### ABOUT THIS TASK
Although the data below contains pictures, please reproduce only its words, exactly.

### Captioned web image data
====
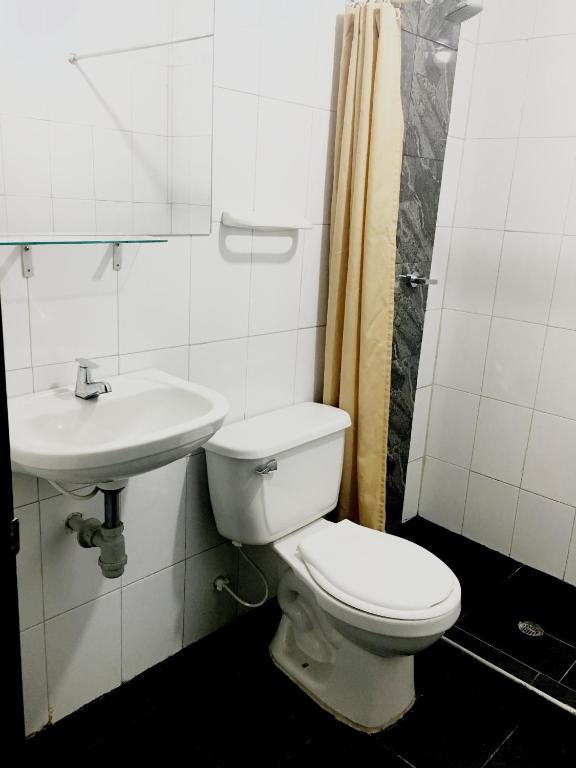 Koupelna v ubytování Hotel Casa Paulina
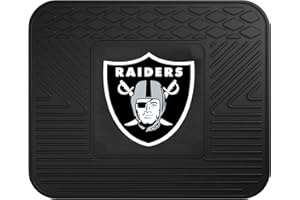 FANMATS 9985 Las Vegas Raiders Back Row Utility Car Mat - 1 Piece - 14in. x 17in., All Weather Protection, Universal Fit, Molded Team Logo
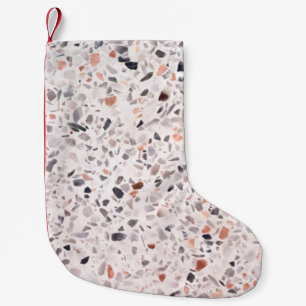 Alte Terrazzo-Textur, Korbmuster. Kleiner Weihnachtsstrumpf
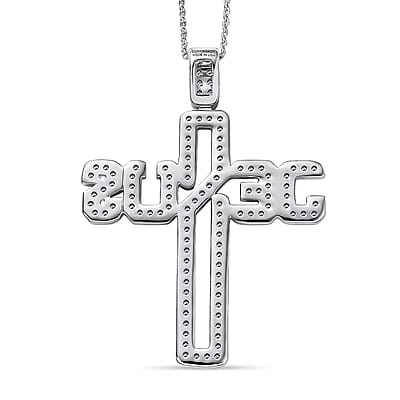 Luxuriant Lab Grown Diamond G-H SI 0.90 ctw Cross Pendant Necklace in Rhodium Over Sterling Silver 20 Inches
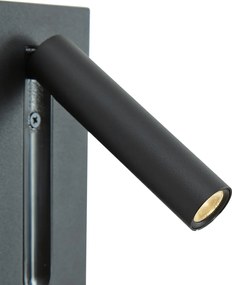 Set di 2 lampade da parete moderne nere con LED inclusi - Plaza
====
### SOLUTION TO THIS EXERCISE
 Koupelna v ubytování Hotel Casa Paulina
 FANMATS 9985 Las Vegas Raiders Back Row Utility Car Mat - 1 Piece - 14in. x 17in., All Weather Protection, Universal Fit, Molded Team Logo
 Alte Terrazzo-Textur, Korbmuster. Kleiner Weihnachtsstrumpf
 Luxuriant Lab Grown Diamond G-H SI 0.90 ctw Cross Pendant Necklace in Rhodium Over Sterling Silver 20 Inches
 Set di 2 lampade da parete moderne nere con LED inclusi - Plaza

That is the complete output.